YOUR OBJECTIVE:
Please repeat, exactly as written, the line containing "Italian Cafe Bar" and every line after it through the end of the records below, leaving out any pictures.

*** Opening of SOURCE MATERIAL ***

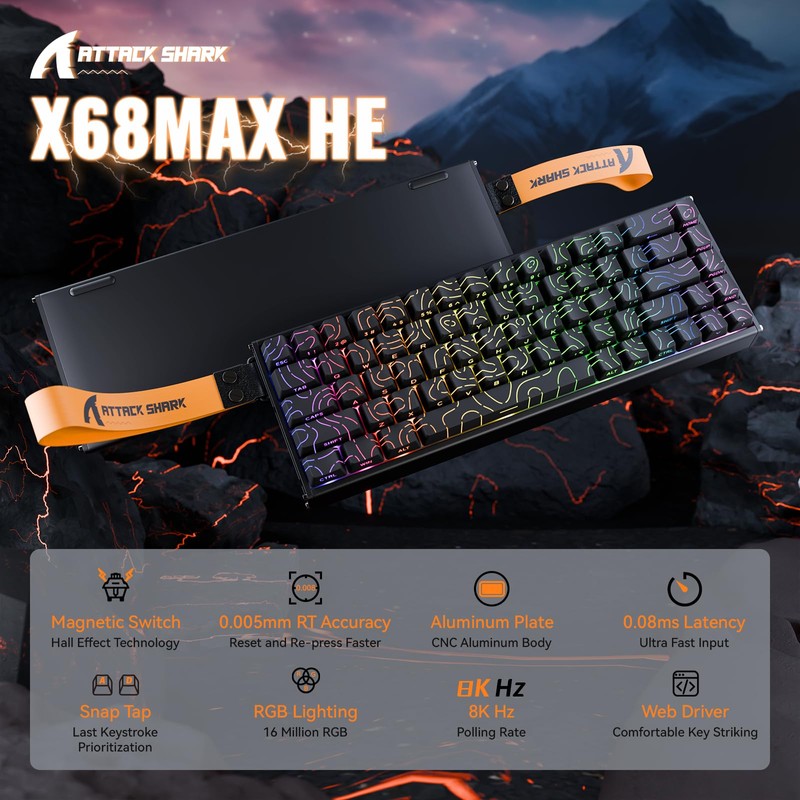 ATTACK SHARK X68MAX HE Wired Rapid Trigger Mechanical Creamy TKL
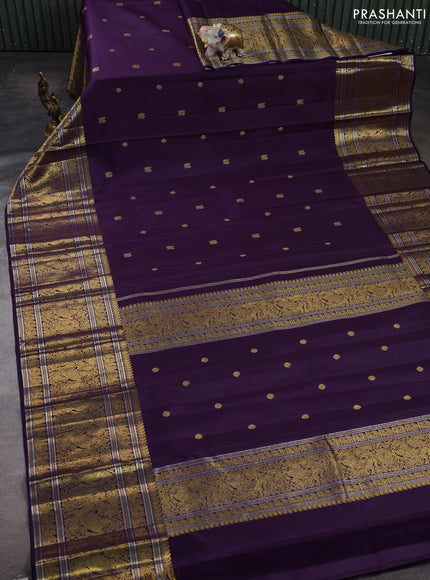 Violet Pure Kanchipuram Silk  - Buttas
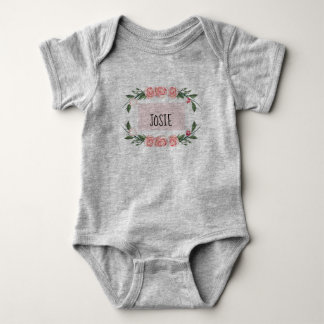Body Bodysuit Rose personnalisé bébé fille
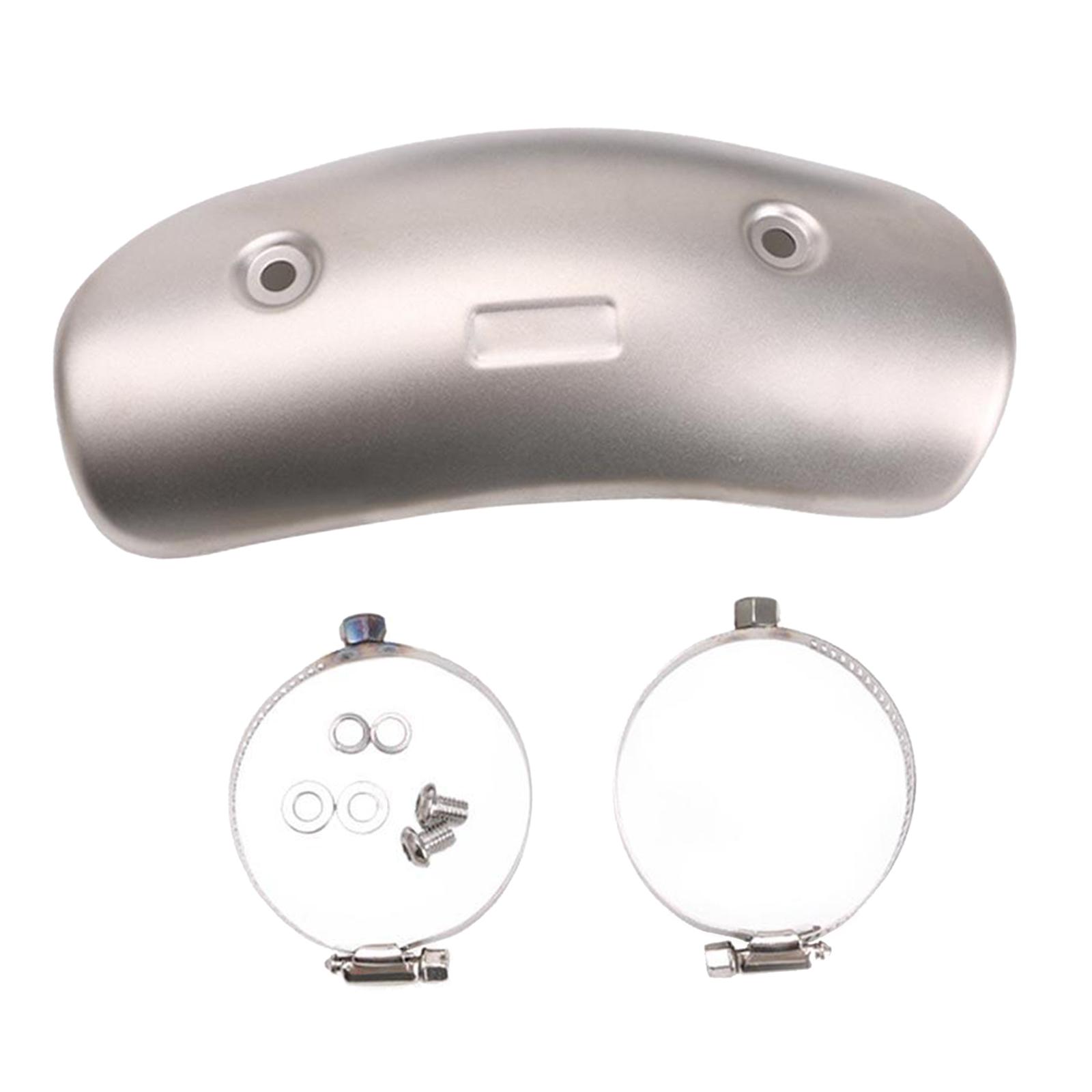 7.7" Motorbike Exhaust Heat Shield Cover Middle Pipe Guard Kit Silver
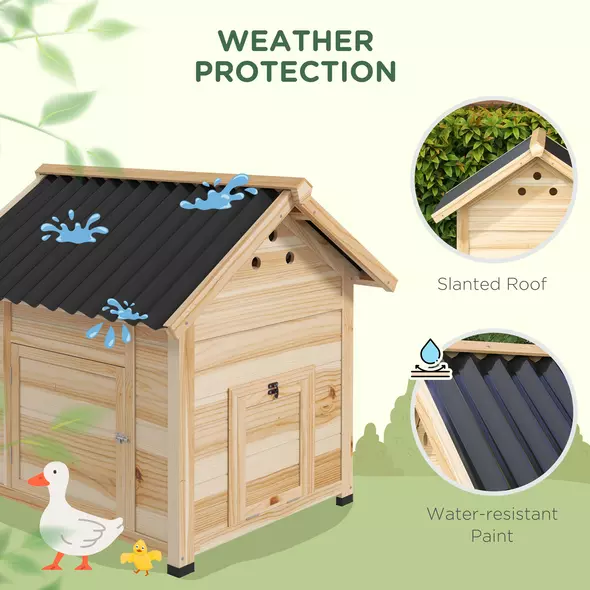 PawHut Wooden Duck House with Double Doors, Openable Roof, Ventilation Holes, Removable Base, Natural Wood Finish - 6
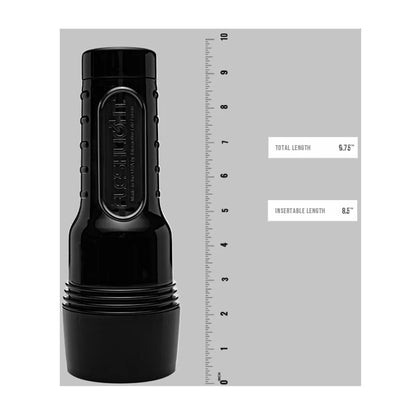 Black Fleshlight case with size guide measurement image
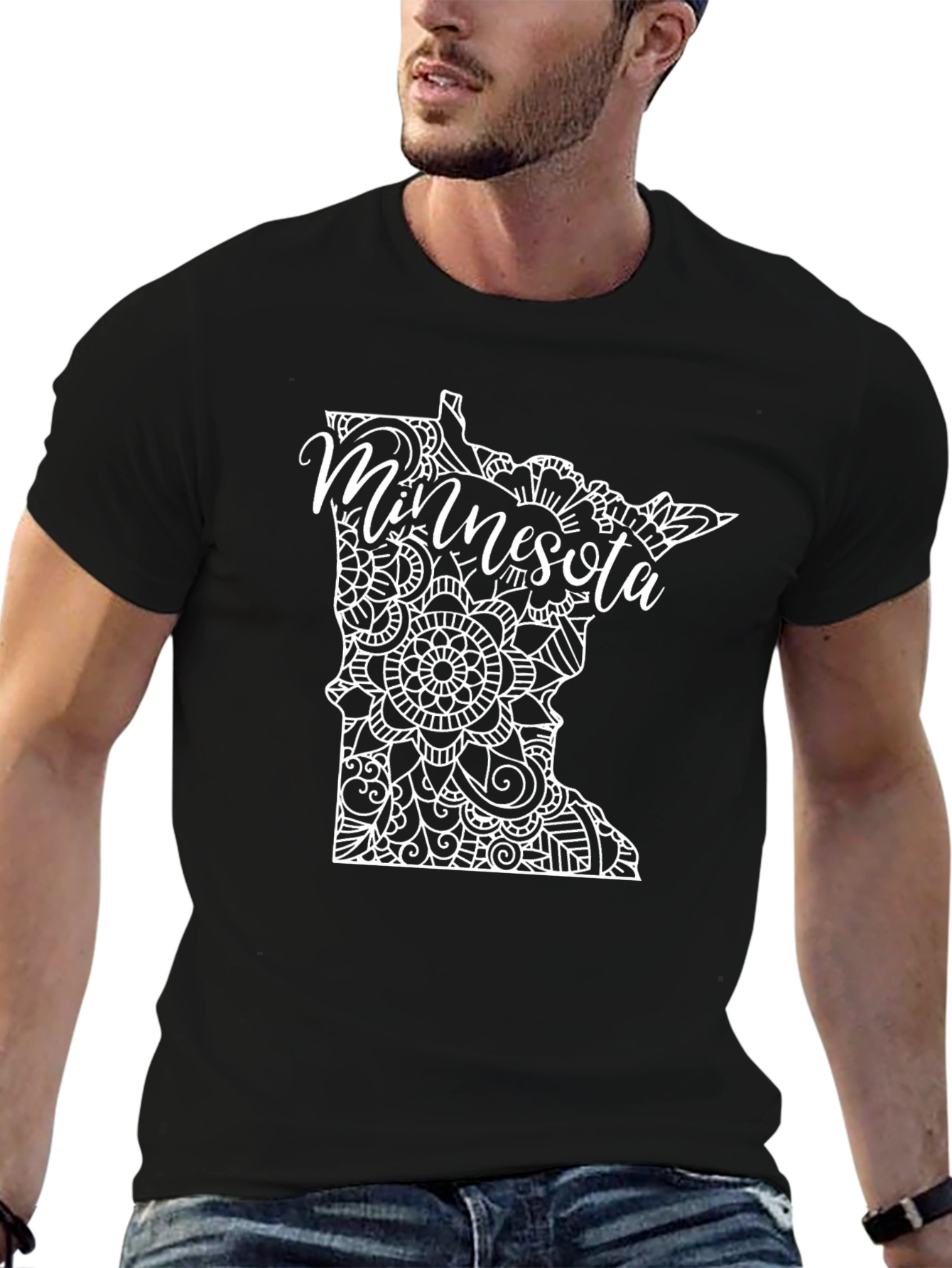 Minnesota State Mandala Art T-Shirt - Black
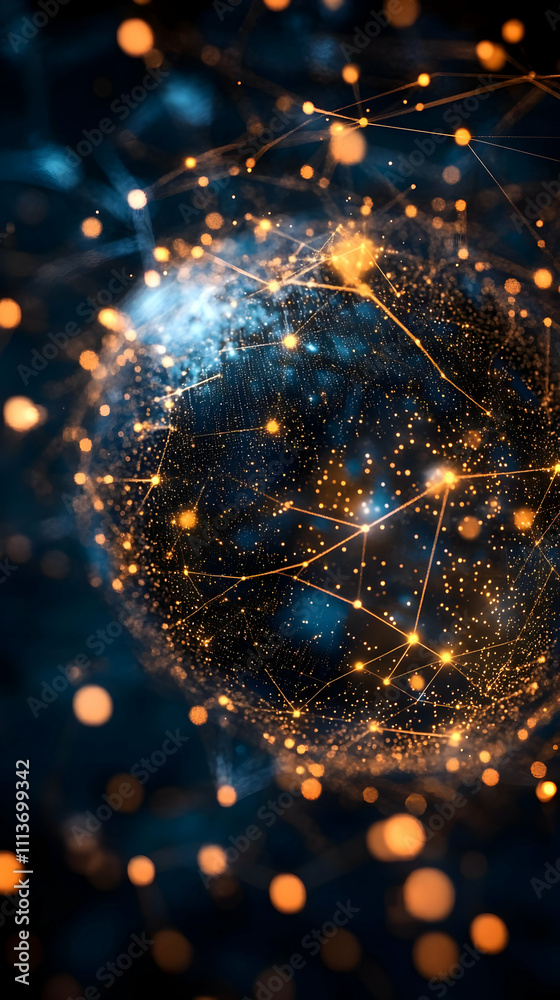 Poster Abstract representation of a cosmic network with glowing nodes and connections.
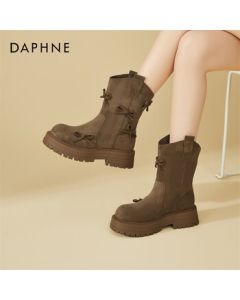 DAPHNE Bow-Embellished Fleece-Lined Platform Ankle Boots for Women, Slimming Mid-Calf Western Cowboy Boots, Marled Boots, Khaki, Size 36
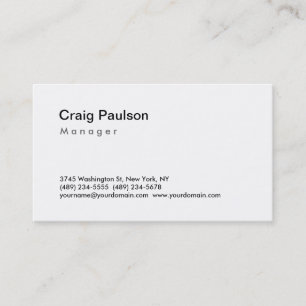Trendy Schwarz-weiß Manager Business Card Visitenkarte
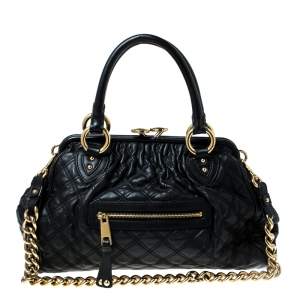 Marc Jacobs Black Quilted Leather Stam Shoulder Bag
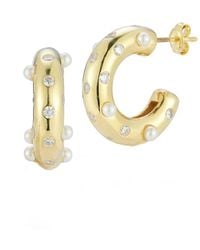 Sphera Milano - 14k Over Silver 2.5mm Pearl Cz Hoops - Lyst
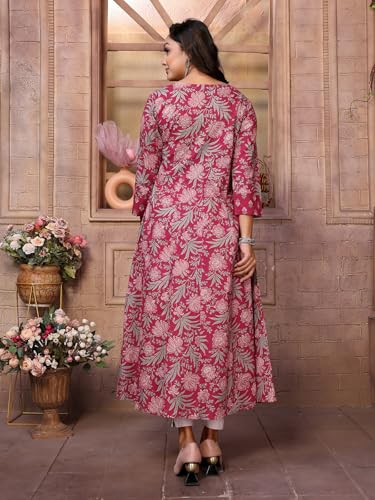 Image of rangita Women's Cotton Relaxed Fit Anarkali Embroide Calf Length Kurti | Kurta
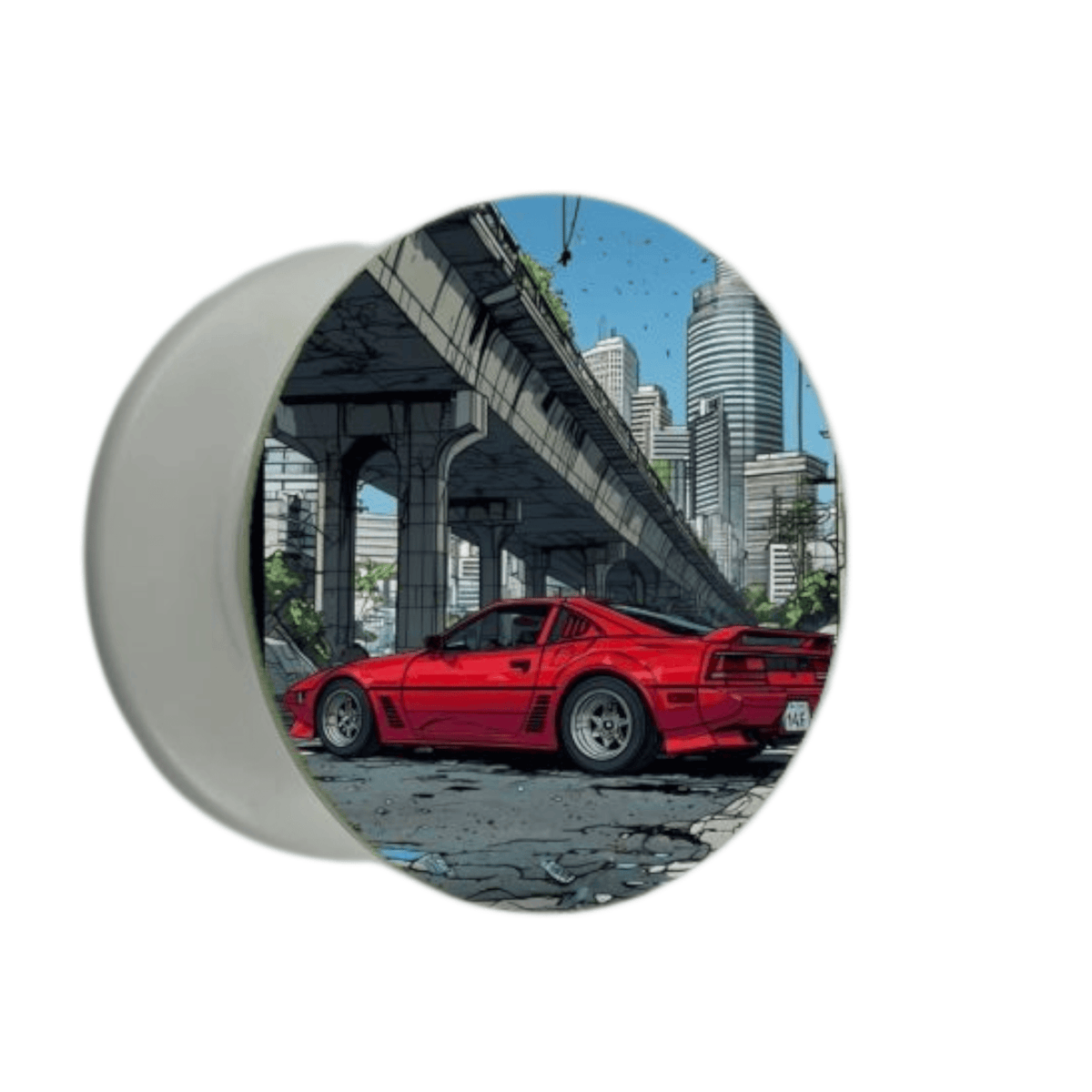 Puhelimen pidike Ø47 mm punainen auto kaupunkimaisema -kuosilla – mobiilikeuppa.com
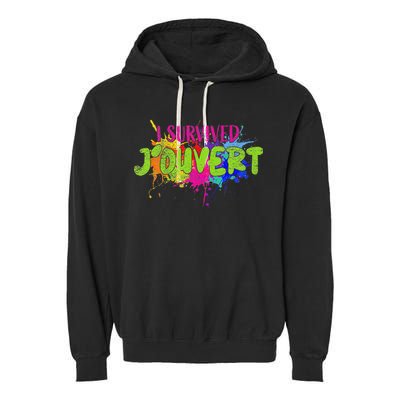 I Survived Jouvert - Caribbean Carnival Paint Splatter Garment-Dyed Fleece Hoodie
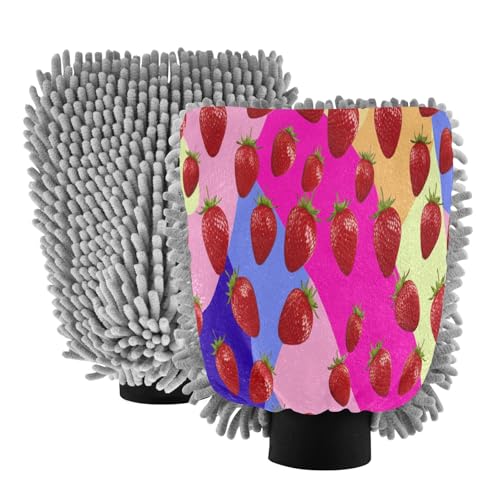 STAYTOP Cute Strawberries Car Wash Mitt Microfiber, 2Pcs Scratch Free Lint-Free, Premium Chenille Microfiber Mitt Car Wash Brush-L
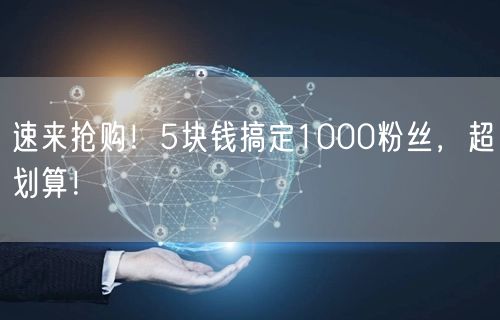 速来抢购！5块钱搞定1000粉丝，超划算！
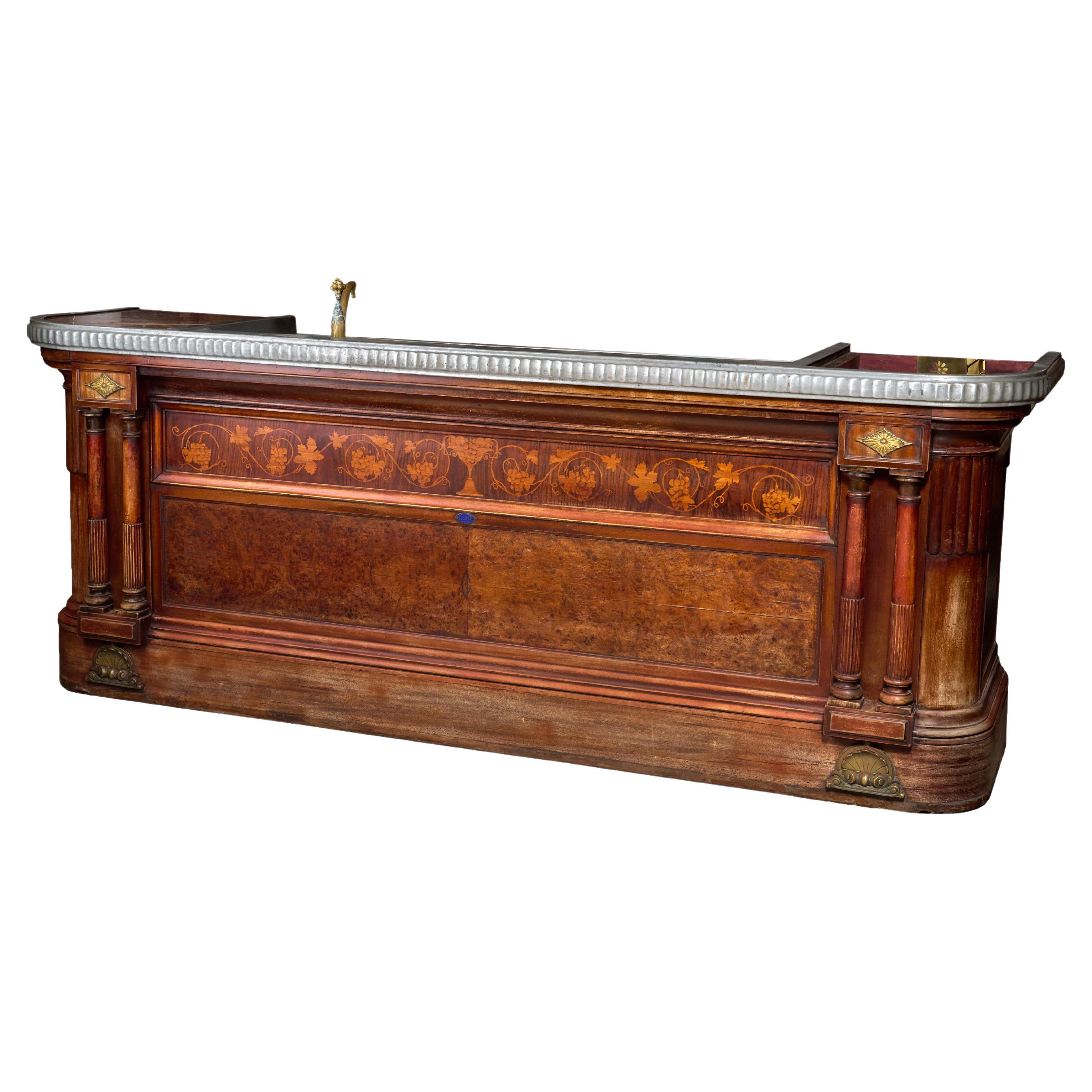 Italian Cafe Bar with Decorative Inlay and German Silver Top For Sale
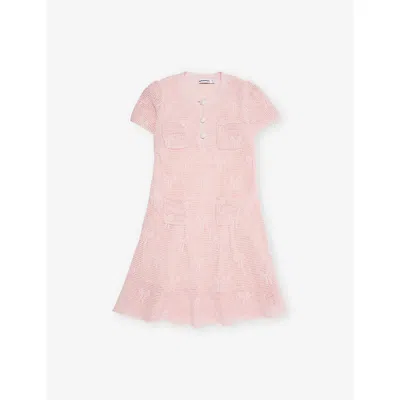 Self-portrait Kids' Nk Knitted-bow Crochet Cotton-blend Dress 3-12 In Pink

*** Close of SOURCE MATERIAL ***

ANSWER AREA:
 Italian Cafe Bar with Decorative Inlay and German Silver Top For Sale
 Self-portrait Kids' Nk Knitted-bow Crochet Cotton-blend Dress 3-12 In Pink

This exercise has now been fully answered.